While the game is inconsequential and virtually meaningless for Guyer (6-2, 4-1) in terms of standings, Webb said there is still plenty at stake in this week’s game in terms of improvements his team needs to make.
“As I’ve told our kids, this week on Friday has nothing to do with Little Elm and everything to do with Guyer,” Webb said. “It has everything to do with us and playing our best, whatever that means the outcome is. We have to play our best, and we have to play better than we did the week before. We’re in ramp-up mode now. It ought to be takeoff time for us going into the playoffs. We can’t afford any kind of backslide.”
Part of avoiding a backslide will be preventing slow and sluggish starts that have plagued Guyer nearly the entire year.
In last week’s win against Boyd, the Wildcats managed just three points in the first half — punting on three of their five first-half drives.
Guyer also started slow against Prosper last month before rallying to win on an Eli Stowers touchdown run on the final play of the game.
Webb acknowledged that the start of games has been an issue for the Wildcats, and he was also adamant they are focused on correcting it.
“It’s priority No. 1 for us, for a lot of different reasons,” Webb said. “The biggest reason for us is we have to learn how to start better. And the other thing is, it’s an afternoon game. There’s going to be a little bit of a playoff air. So, learning how to play in the day and the preparation that goes into a 2 o’clock kickoff. My hope is it’s going feel like a playoff game.”
Little Elm (2-6, 0-4) is winless in district and has not won a game since Oct. 9 against Plano West.
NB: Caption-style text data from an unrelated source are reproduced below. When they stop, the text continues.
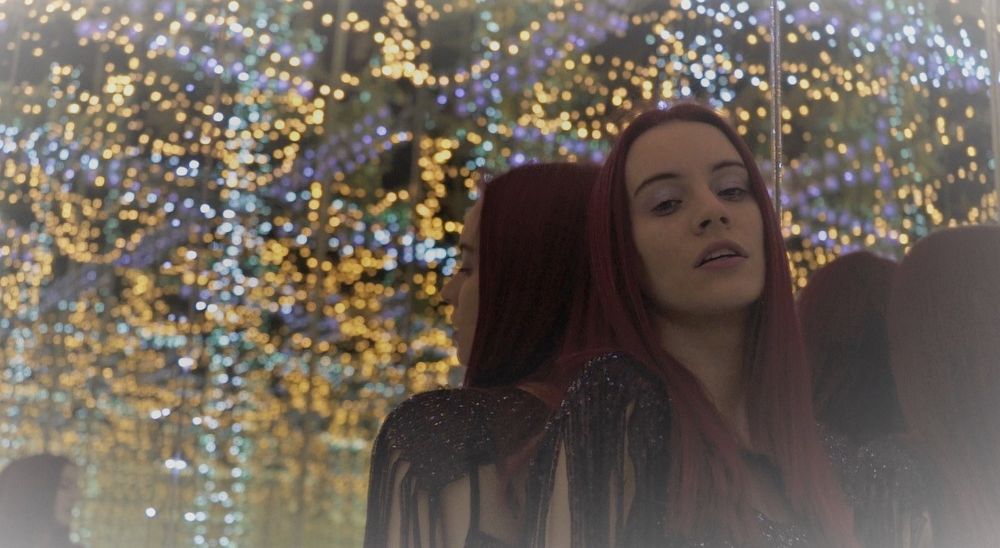 Angelika Piznal nagrała piosenkę, aby pomóc Iwonie z Kluczborka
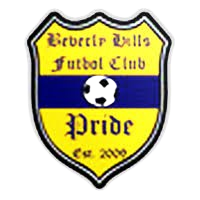 Pride of Gall Hill FC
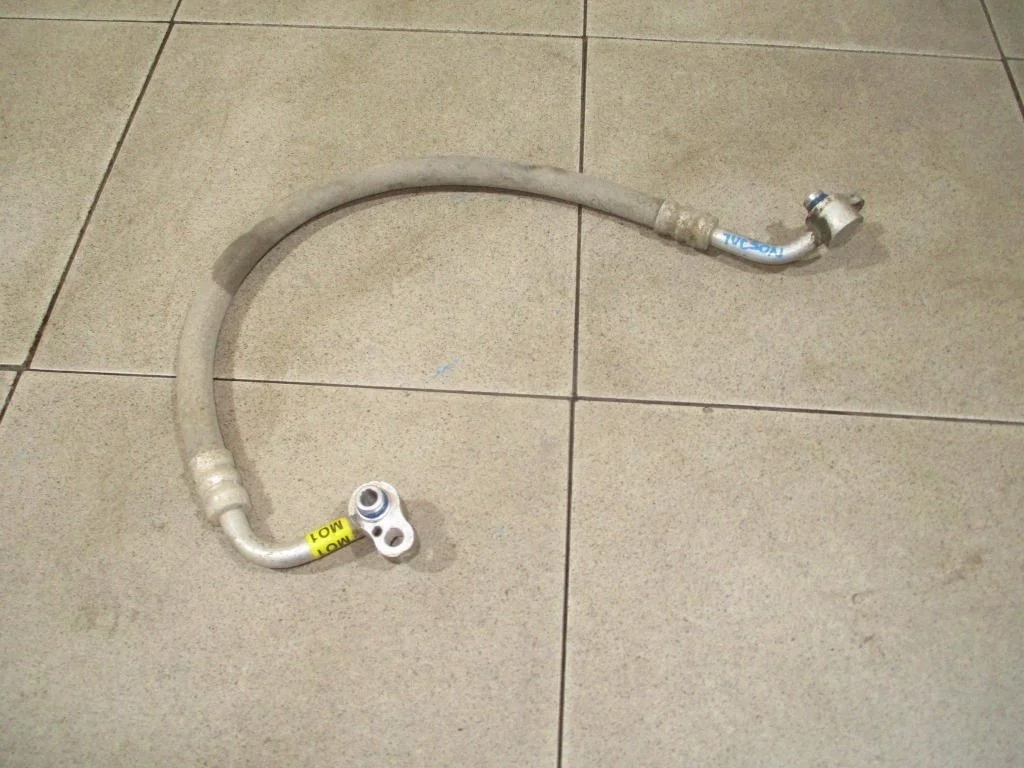 Трубка кондиционера Hyundai Tucson 1 JM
But in the midst of the Lobos’ struggles, Little Elm has found a way to play well and keep games competitive at home. The Lobos’ two home district games this season have been against Prosper and Allen, and both contests were close until the fourth quarter.
Prosper went on to win 30-20, while Allen eventually pulled away for a 68-44 victory.
“Little Elm is a team that has caused people problems this year,” Webb said. “They have not consistently been a good team, but you go back and look at the Allen game. If you go in there unprepared, you could find yourself in trouble pretty fast. They’ve been good at home this year. They haven’t been quite as good on the road, but they’ve played well at home. They are certainly a team that has our respect.”
After closing out the season on Friday, Guyer will get a week of rest prior to the playoffs starting on Dec. 10-11.
The Wildcats’ bye week couldn’t have come at a better time, as Guyer is dealing with injuries to several key players. Leading receiver Grayson O’Bara, Florida State commit Jordan Eubanks and Charlotte commit Knox Boyd have all missed the last three games.
All-American cornerback Deuce Harmon also exited last week’s game against Boyd. Webb said it is his hope that the extra rest will allow all of those players to return at full strength when the Wildcats begin their playoff run.
“We’ve had three kids that have been out since the Prosper game,” Webb said. “They all got hurt in the Prosper game. Had we decided to rush any of those kids back, we might have been able to get something out of them this week, but we’ve learned to play without them. And we’re OK playing without them, clearly. It just gives them a little more [of an] opportunity to step back into the arena at 100%.”